De(s)génération est une pièce totalement décoincée, qui mise largement sur la présence entière de personnes sur scène, et ce que peut donner leur rencontre effective. Cette confiance dans les personnalités ne verse pas du tout du côté de la surenchère des prouesses virtuoses de l'un au défi de l'autre, mais de celui du dépliement des traits de caractère, des silhouettes de corps, de la performance auti-fictionnelle de toute présence incarnée.

De(s)génération tient de la place publique, où l'on prend temps de se rencontrer, pour dialoguer, par langage de corps. Loin de se ramasser en unissons obligés, l'essentiel de la composition de groupe joue d'une grande variété de circulations, de croisements, d'appariements, de combinaisons, volontiers fugaces, toujours enlevés, dont l'originalité chasse tout péril d'ennui.

Entendons-nous : la gestuelle de De(s)génération s'assume comme tout à fait hip-hop, mais digérée, assimilée, à un stade où cela ne fait plus question (de style, d'évaluation, de catégorisation). Il en découle un résultat des plus heureux : c'est que la figure du défi n'y est nullement ignorée, bien au contraire elle revient incessamment. Mais ne fût-ce que par la trahison du poids physique des ans, elle se dérègle et se teinte d'une ironie pleine aussi de respect, dans laquelle semble primer le regard curieux et attentif, fondamentalement bienveillant que chacun.e des interprètes porte sur ses partenaires et vrai-faux compétiteurs, tour à tour.
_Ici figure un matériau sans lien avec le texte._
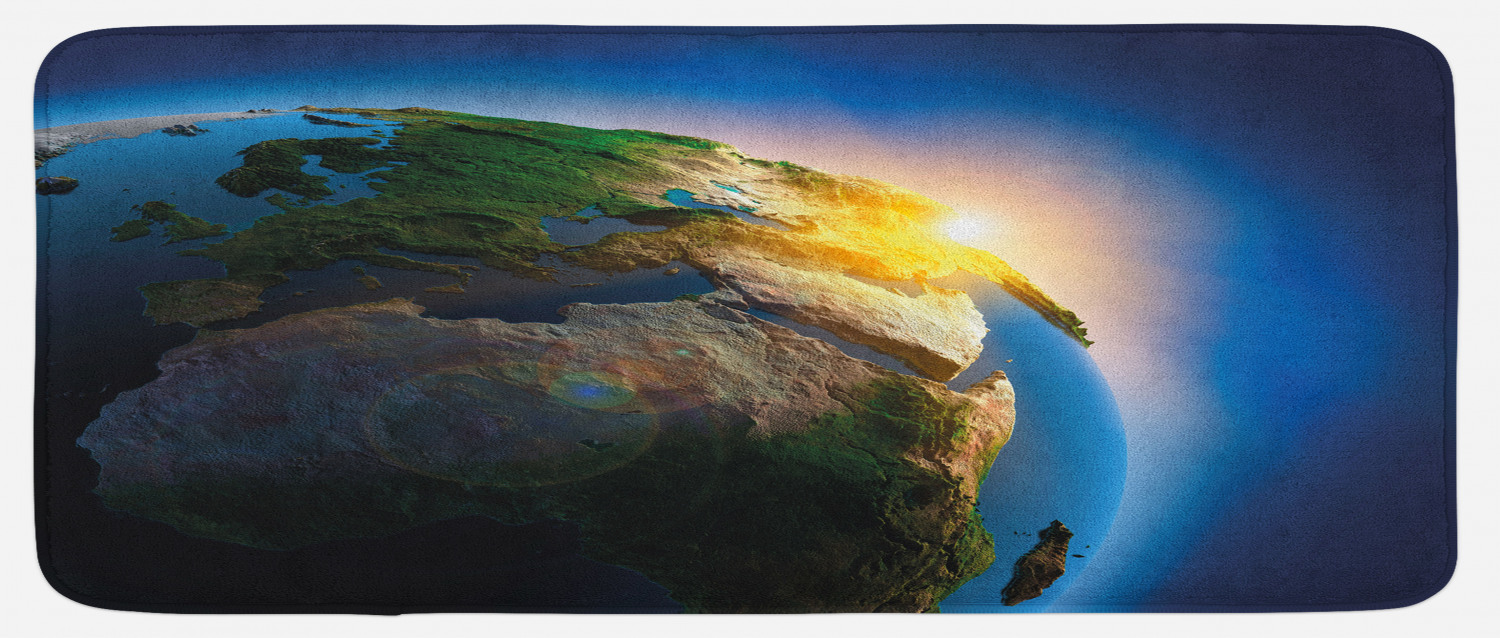 Earth Kitchen Mat, Early Morning Rising Sun Scenery in Outer Space Day ...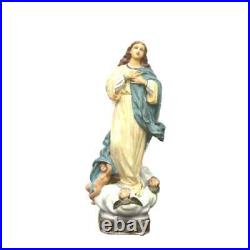 Antique extraordinary religious statue Mary Madonna cherubs putti heaven present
On pourrait se réjouir d'une telle humeur, déjà pour le bien quelle diffuse dans une période si cruellement tendue. Mais on lui trouvera aussi un sens profondément chorégraphique, quand elle rappelle que toute pièce, par-delà la narration ou le propos qu'elle est censée développer, est toujours déjà, et avant tout, l'histoire d'un collectif d'humains effectivement engagé dans l'instant de leur mise en présence. On oublie trop souvent de regarder cela. De(s)génération a fait le choix de le montrer.

Gérard Mayen

11 et 12 octobre à POLE-SUD CDC, Strasbourg

Spectacle vu lors de sa générale de création le vendredi 8 janvier au Théâtre Louis-Aragon de Tremblay-en-France (93).